Blobcodes, or how I discovered a way to code information in a topological invariant of binary images and obtain arbitrarily deformable, easily computer-recognizable barcodes. A patent was filed by my university, a prototype made and presentations given, but later abandoned due to prior art in some obscure conference, together with hopes of a start-up.
In 2004, while I was doing my Ph.D. at LIAFA (Université Paris VII), I invented a class of easily computer-recognizable codes capable of holding amounts of data similar to barcodes, but that can withstand deformation.

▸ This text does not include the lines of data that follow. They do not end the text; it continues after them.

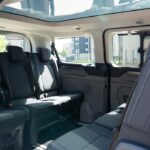 Ford Tourneo Custom PHEV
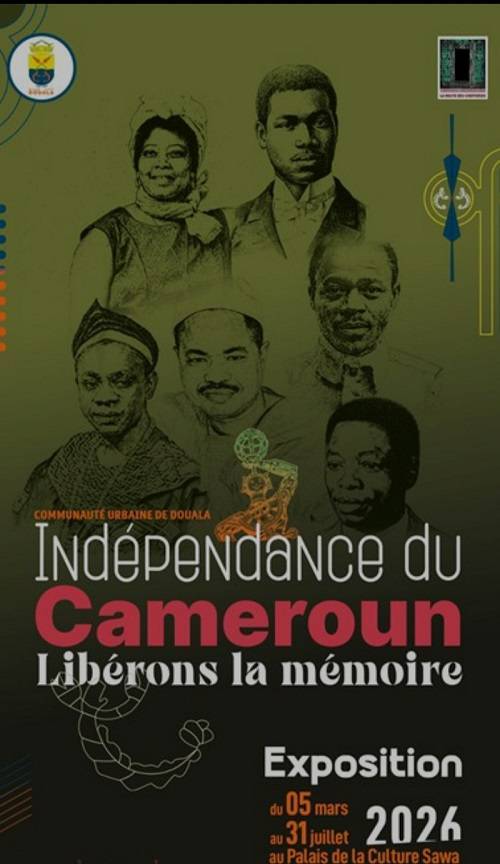 Indépendance du Cameroun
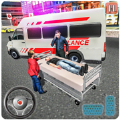 市救护车狂躁最新版(生活休闲) v1.2 安卓版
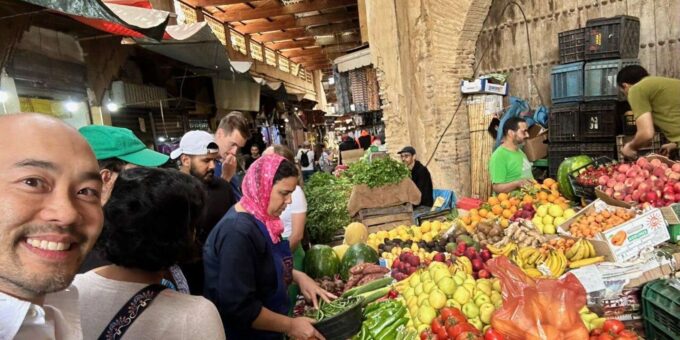 Marrakech: Cooking Class With Local Market Visit - Frequently Asked Questions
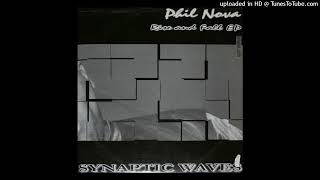Phil Nova - Rise And Fall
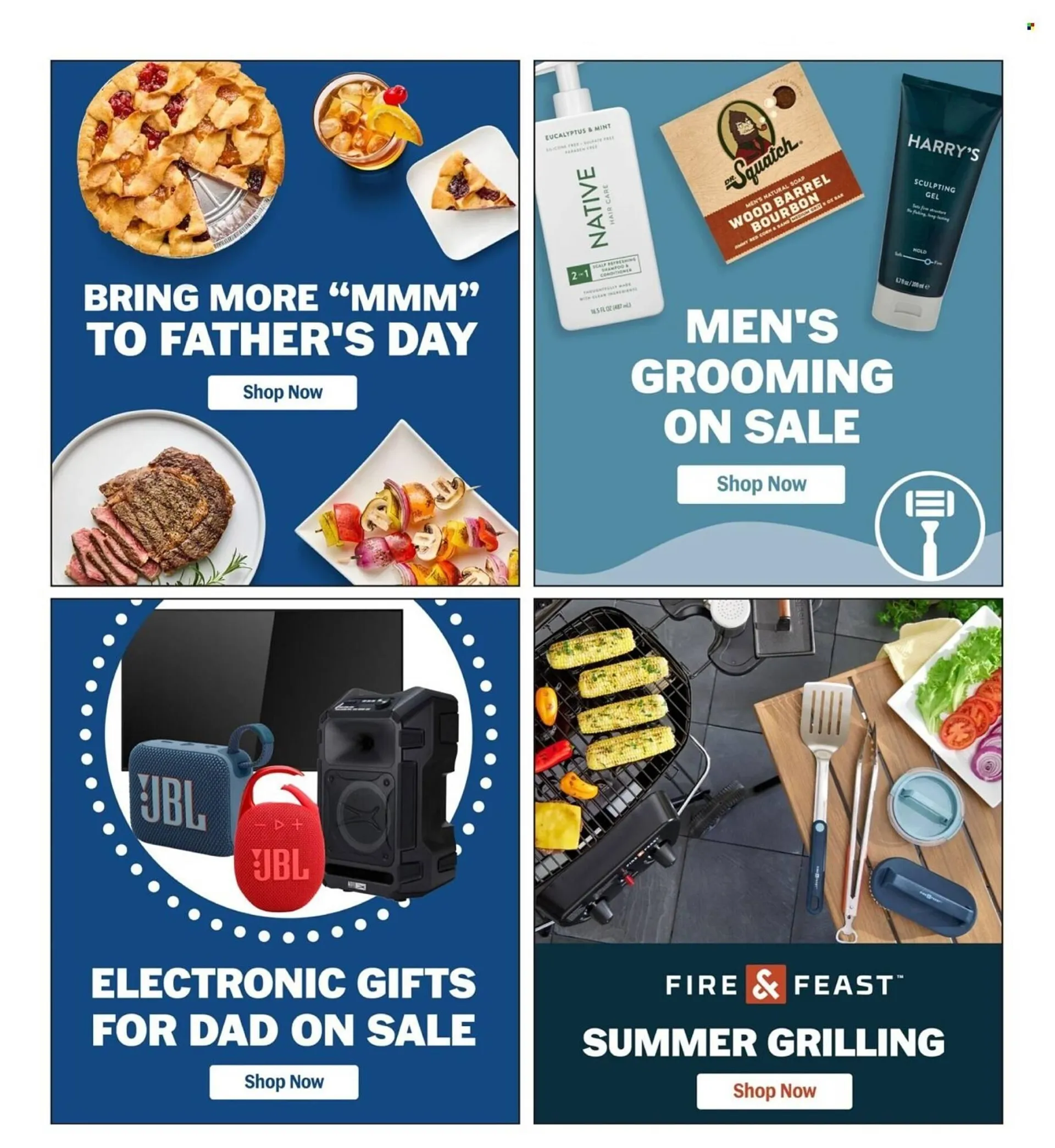 Weekly ad Meijer Weekly Ad from June 8 to June 14 2025 - Page 46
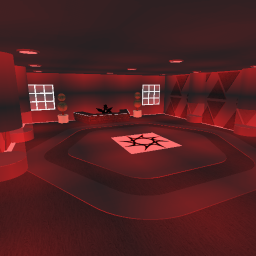 Epic Gamer Association hangout.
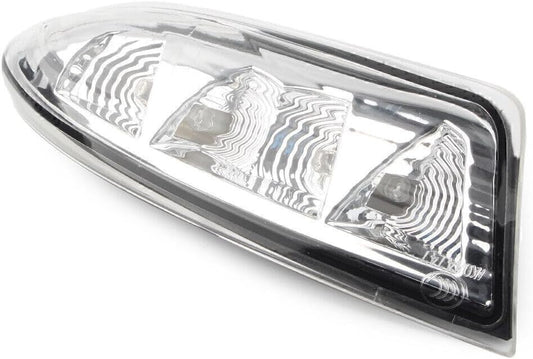 ya 2 8.15 Left Side Rear View Mirror Turn Signal for Chevy Epica 2007-2014 08 09 10 11 12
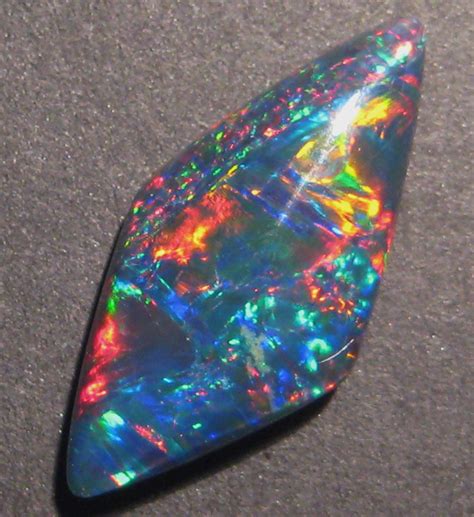 Rainbow Multicolour Australian Opal Triplet For Sale Heres The Link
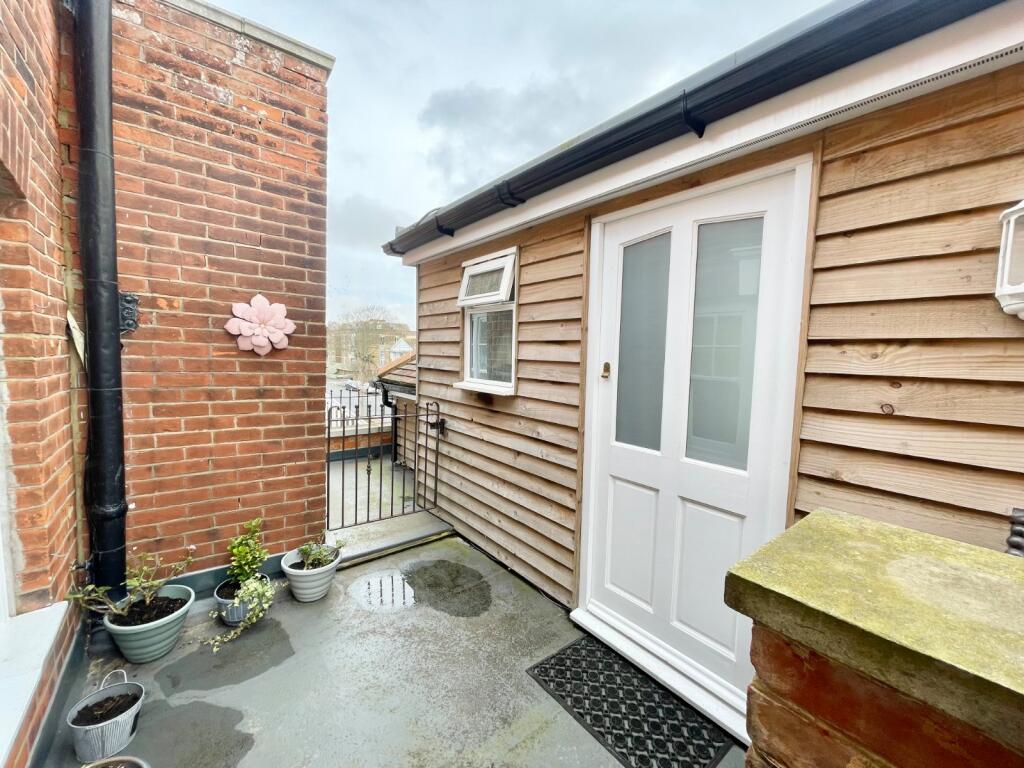 Main image of property: Sea Road, Westgate-on-Sea, Kent, CT8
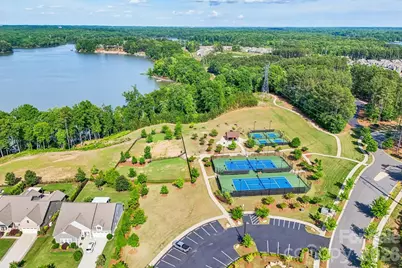 128 Van Gogh Trail, Mount Holly, NC 28120 - Photo 39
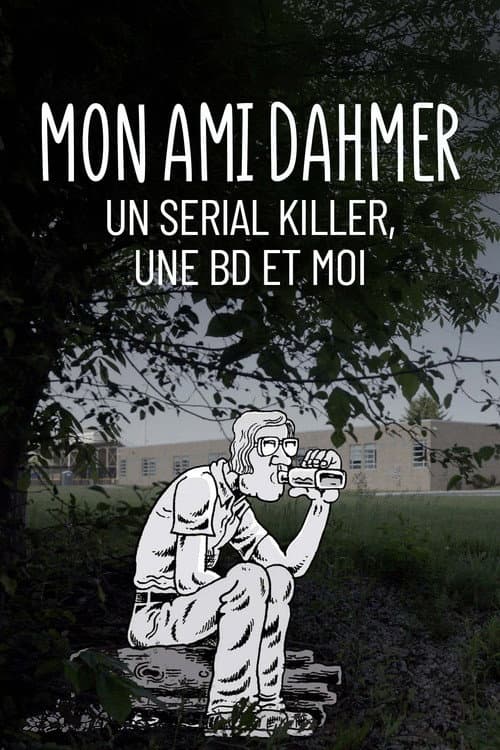 The Milwaukee Cannibal poster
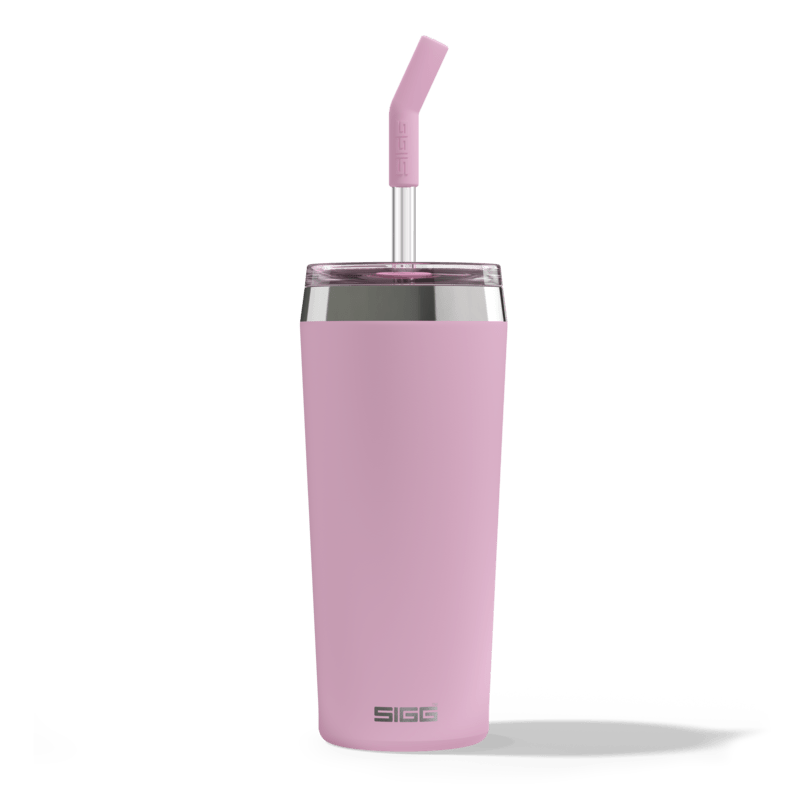 Helia Lingonberry 0,6 L - Teräksiset termosmukit - sigg-shop.fi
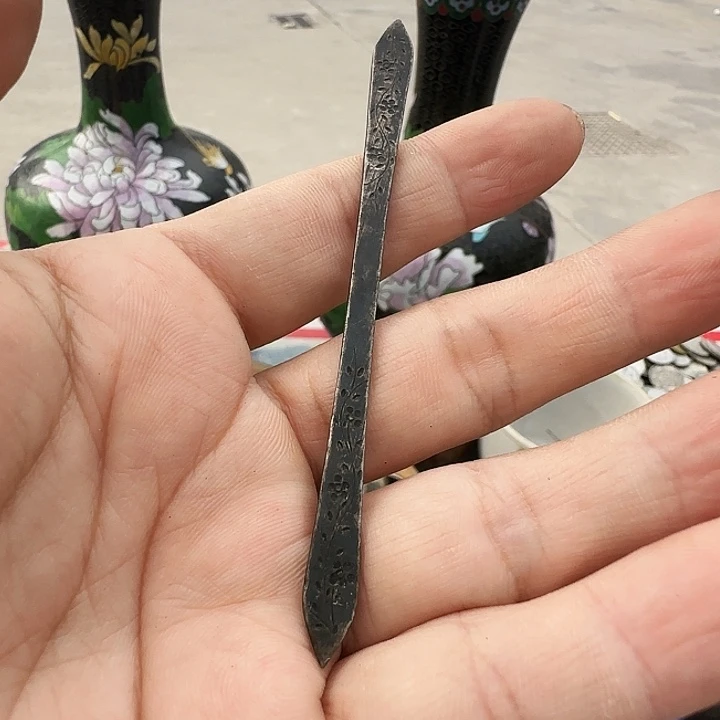 呈***堂铜铁合金类铜铁合金杂件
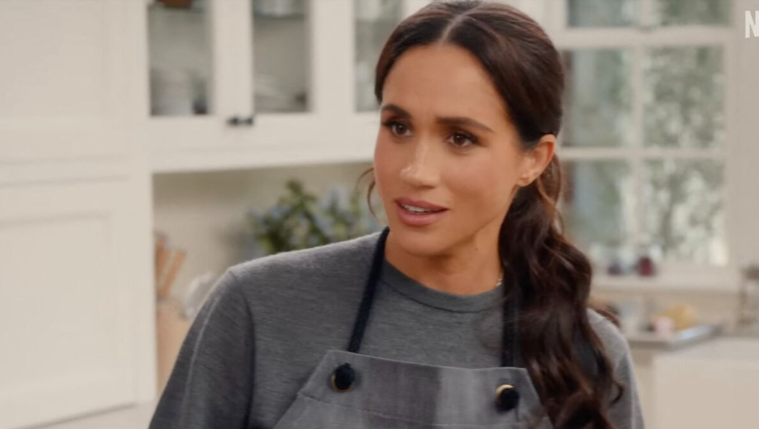 Capture decran 2025 03 11 132546 Meghan Markle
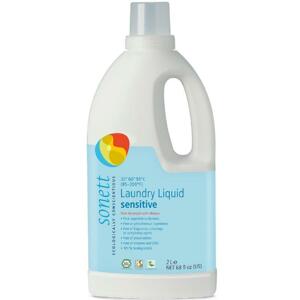 Sonett Prací Gél - Sensitive 2 L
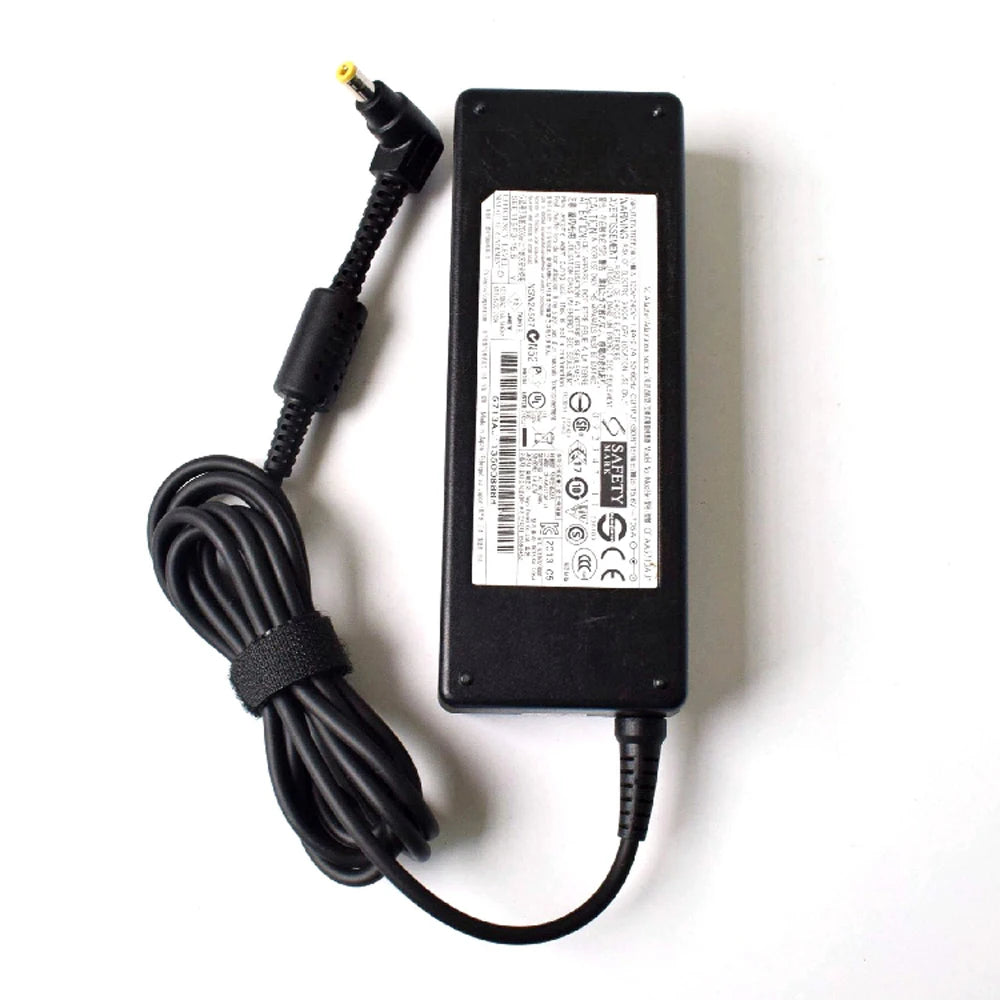 15.6V 7.05A AC Adapter Charger Power For Panasonic Toughbook CF-AA5713A M1 M2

I did research in the library and on the net to see if this had been discovered before. I didn't find anything, and the head of my lab suggested that I get in touch with the university's valorisation bureau (BVRI). I then proceeded to develop the invention, and thanks to a Firewire camera lent by the BVRI, I built a real-time demonstration prototype. I wrote the draft of the patent application. It took ages for the law firm to write it, and the university applied for a patent in 2005.
Method of coding in graphic form is the patent application that was filed by Université Paris 7 for my "blobcode" invention which I had while doing my thesis at LIAFA .
Blobcodes (at the time we dubbed them "T-codes", T for topological) being recognized in real-time. Note how the lens distortion does not affect recognition. Of course clipping a half or a third of the code renders it unreadable.
With my friend Ferda Tartanoğlu we decided that this could lead to a start-up, so we searched industrial partners with the BVRI. There was some interest. Meanwhile, the Patent Commission gave its report, which was generally positive. (Like most patent applications, there were some unrelated papers that the reviewers thought might constitute prior art. They didn't find the conference paper.)
Unfortunately, Ferda discovered that there was prior art in a small 2004 conference. Because of this and due to lack of sufficient industrial interest, and given the costs involved, the patent application was left at the PCT phase.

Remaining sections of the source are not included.